#### STUDY MATERIAL ####

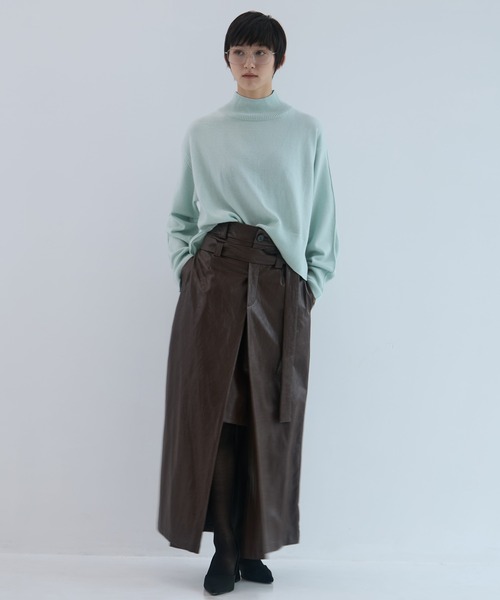 STUDIOUS（ステュディオス）の「【STUDIOUS/ステュディオス】Merino Wool Turtle Neck Knit/メリノウールタートルネックニット（ニット/セーター・レディース・ダークブラウン/レッド/ミント・FREE）」の12枚目の写真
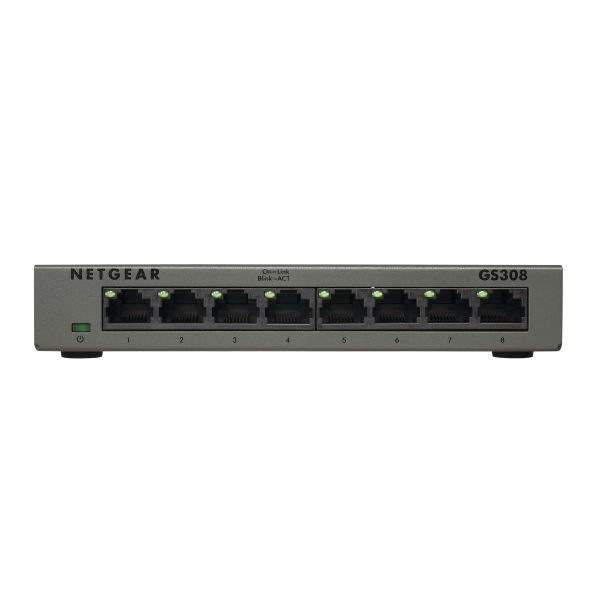 NETGEAR SOHO Unmanaged Gigabit Ethernet (10/100/1000) Zwart (GS308-300UKS)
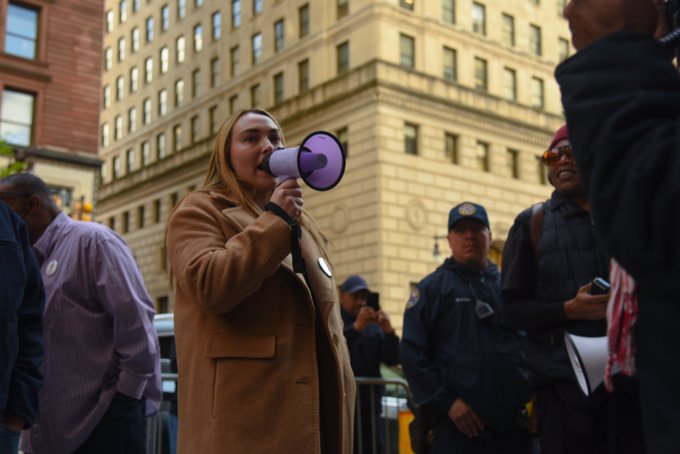 Today at our protest outside the Sheriff&rsquo;s Office, Sheriff Bilal sent counter protesters to drown us<a href="/tag/mandeladay"class="tags"><span>#mandeladay</span></a>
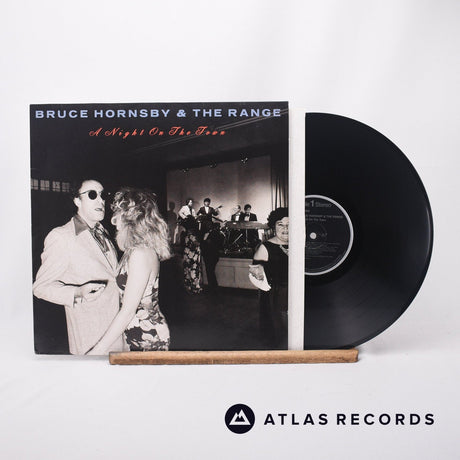 Bruce Hornsby And The Range A Night On The Town LP Vinyl Record - Front Cover & Record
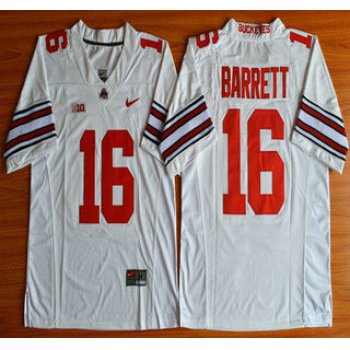 Ohio State Buckeyes #16 J.T. Barrett White 2015 College Football Nike Limited Jersey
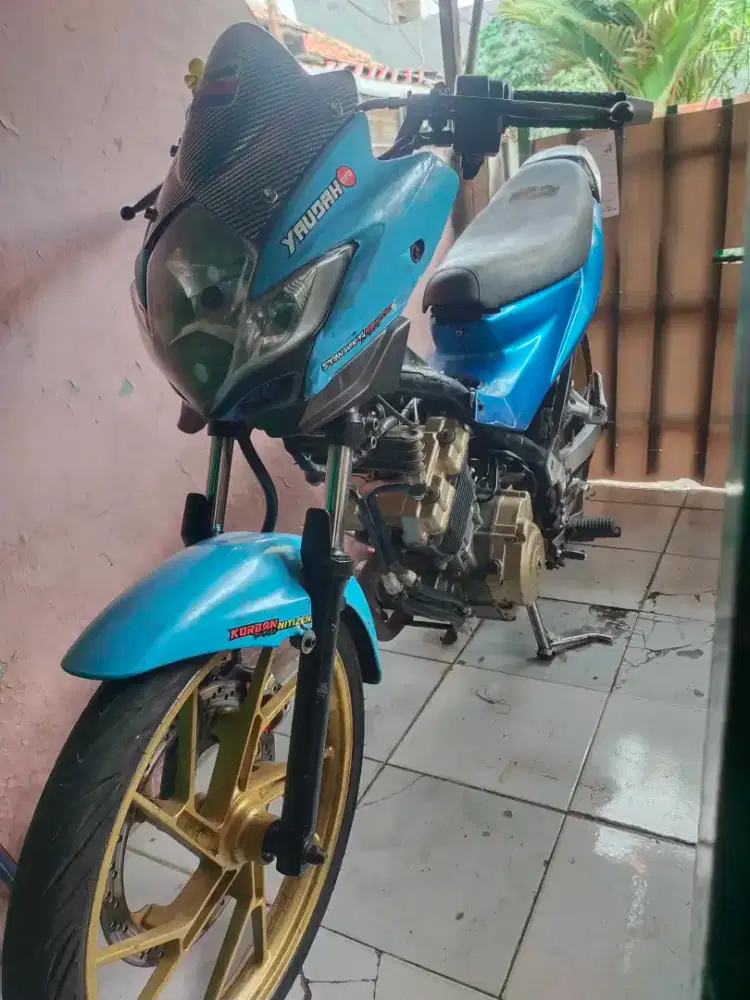 Di jual satria 2012 warna biru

####

## TASK TO CARRY OUT:
Set down every entry exactly as it appears, but skip the pictures.

## WRITTEN ANSWER:
 STUDIOUS（ステュディオス）の「【STUDIOUS/ステュディオス】Merino Wool Turtle Neck Knit/メリノウールタートルネックニット（ニット/セーター・レディース・ダークブラウン/レッド/ミント・FREE）」の12枚目の写真
 NETGEAR SOHO Unmanaged Gigabit Ethernet (10/100/1000) Zwart (GS308-300UKS)
 Today at our protest outside the Sheriff&rsquo;s Office, Sheriff Bilal sent counter protesters to drown us<a href="/tag/mandeladay"class="tags"><span>#mandeladay</span></a>
 Bruce Hornsby And The Range A Night On The Town LP Vinyl Record - Front Cover & Record
 Ohio State Buckeyes #16 J.T. Barrett White 2015 College Football Nike Limited Jersey
 Di jual satria 2012 warna biru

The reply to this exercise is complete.